Ringmaster ASGD: The First Asynchronous SGD with Optimal Time Complexity
B9, L2, R2325
Asynchronous Stochastic Gradient Descent (Asynchronous SGD) is a cornerstone method for parallelizing learning in distributed machine learning. However, its performance suffers under arbitrarily heterogeneous computation times across workers, leading to suboptimal time complexity and inefficiency as the number of workers scales.
Overview
While several Asynchronous SGD variants have been proposed, recent findings by Tyurin & Richtárik (NeurIPS 2023) reveal that none achieve optimal time complexity, leaving a significant gap in the literature.
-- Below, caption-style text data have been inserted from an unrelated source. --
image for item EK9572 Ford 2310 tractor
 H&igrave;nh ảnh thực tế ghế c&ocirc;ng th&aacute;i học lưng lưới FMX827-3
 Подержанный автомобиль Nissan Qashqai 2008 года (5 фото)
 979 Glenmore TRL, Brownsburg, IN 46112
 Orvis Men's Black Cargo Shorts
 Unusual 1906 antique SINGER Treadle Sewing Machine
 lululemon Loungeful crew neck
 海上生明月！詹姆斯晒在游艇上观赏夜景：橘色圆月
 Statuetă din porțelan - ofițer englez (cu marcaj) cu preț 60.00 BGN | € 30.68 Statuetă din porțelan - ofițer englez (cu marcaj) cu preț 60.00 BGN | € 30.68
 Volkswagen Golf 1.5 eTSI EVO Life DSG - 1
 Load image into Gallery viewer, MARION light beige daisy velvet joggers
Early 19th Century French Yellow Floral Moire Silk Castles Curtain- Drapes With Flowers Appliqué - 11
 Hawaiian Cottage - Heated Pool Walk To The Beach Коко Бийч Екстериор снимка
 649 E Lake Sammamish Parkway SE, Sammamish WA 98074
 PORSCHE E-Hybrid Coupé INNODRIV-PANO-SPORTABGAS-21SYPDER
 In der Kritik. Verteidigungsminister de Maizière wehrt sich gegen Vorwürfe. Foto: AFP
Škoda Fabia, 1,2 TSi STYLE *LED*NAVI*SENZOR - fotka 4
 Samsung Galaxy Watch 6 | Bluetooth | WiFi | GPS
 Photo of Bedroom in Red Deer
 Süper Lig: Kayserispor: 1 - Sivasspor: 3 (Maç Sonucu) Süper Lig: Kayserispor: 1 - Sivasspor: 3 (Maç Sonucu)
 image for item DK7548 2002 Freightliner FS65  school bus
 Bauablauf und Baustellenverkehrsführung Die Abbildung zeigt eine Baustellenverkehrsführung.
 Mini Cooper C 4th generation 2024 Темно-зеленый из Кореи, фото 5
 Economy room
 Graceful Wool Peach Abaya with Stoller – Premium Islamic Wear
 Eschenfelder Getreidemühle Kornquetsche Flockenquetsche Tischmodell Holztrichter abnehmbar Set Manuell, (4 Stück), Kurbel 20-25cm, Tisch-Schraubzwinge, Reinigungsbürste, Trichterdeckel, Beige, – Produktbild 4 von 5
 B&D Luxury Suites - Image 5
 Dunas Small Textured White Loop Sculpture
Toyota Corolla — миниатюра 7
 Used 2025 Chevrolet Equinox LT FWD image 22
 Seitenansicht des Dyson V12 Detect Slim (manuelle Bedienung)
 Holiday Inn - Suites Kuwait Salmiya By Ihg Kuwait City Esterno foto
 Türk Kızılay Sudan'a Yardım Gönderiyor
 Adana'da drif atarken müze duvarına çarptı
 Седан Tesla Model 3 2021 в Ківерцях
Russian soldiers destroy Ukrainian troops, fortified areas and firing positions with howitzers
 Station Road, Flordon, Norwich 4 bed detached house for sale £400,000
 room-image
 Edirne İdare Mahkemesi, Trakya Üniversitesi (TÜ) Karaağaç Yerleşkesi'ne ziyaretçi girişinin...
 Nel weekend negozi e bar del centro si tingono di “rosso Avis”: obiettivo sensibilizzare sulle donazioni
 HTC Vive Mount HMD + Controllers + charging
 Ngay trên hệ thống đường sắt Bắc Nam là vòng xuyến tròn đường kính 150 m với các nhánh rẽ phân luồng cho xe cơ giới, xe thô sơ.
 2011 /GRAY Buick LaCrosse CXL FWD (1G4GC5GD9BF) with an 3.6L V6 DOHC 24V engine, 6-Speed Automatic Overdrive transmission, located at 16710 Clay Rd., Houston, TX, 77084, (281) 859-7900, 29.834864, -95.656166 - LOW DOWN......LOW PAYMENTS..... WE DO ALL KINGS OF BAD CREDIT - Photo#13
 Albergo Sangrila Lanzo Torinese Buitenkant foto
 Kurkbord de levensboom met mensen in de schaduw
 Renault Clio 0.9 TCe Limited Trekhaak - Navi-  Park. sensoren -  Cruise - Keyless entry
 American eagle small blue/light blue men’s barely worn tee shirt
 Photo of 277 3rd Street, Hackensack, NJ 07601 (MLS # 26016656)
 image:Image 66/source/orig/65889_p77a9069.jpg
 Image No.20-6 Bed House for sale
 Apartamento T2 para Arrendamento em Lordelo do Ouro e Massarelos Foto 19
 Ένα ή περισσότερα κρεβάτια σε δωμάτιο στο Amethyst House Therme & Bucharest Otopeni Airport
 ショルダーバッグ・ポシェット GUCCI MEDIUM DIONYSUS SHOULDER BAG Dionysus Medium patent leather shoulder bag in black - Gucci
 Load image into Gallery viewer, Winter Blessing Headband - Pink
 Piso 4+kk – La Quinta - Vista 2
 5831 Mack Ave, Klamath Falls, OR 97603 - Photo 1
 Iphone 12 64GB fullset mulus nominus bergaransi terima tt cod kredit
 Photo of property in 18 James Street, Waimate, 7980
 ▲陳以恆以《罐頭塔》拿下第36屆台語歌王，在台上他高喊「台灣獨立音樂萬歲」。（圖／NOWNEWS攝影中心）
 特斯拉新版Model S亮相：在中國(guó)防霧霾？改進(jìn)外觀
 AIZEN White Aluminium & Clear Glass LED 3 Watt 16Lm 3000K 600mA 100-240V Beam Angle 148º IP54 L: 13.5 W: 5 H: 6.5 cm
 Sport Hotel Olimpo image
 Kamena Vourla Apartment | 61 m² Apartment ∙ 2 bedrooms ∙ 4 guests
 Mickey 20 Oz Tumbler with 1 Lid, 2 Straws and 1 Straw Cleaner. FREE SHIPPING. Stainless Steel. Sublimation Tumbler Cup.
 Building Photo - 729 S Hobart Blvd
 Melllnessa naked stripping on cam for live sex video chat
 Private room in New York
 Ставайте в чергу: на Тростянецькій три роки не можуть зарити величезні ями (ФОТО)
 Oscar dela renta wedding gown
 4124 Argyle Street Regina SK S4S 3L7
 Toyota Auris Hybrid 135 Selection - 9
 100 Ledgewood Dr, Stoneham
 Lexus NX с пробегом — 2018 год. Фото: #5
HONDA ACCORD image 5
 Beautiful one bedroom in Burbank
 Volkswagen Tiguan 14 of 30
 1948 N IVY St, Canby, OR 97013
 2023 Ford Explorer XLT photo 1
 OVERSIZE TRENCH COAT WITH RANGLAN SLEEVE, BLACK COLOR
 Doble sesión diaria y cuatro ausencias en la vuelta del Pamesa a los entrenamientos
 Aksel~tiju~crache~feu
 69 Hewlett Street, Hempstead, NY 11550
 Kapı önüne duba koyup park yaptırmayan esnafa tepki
In this paper, we propose Ringmaster ASGD, a novel Asynchronous SGD method designed to address these limitations and tame the inherent challenges of Asynchronous SGD. We establish, through rigorous theoretical analysis, that Ringmaster ASGD achieves optimal time complexity under arbitrarily heterogeneous and dynamically fluctuating worker computation times. This makes it the first Asynchronous SGD method to meet the theoretical lower bounds for time complexity in such scenarios.
Presenters
Artavazd Maranjyan, PhD Student, AMCS, KAUST
Brief Biography
Artavazd Maranjyan is a second-year Ph.D. student at KAUST, advised by Prof. Peter Richtárik. His research focuses on optimization for machine learning (ML) and federated learning (FL), contributing to the development of distributed and randomized optimization algorithms. His current work addresses system heterogeneity issues in distributed ML and FL, with an emphasis on asynchronous methods.Before starting his Ph.D., he earned an MSc and BSc from Yerevan State University. During his bachelor's studies, he co-authored several papers in Harmonic Analysis under the guidance of Prof. Martin Grigoryan.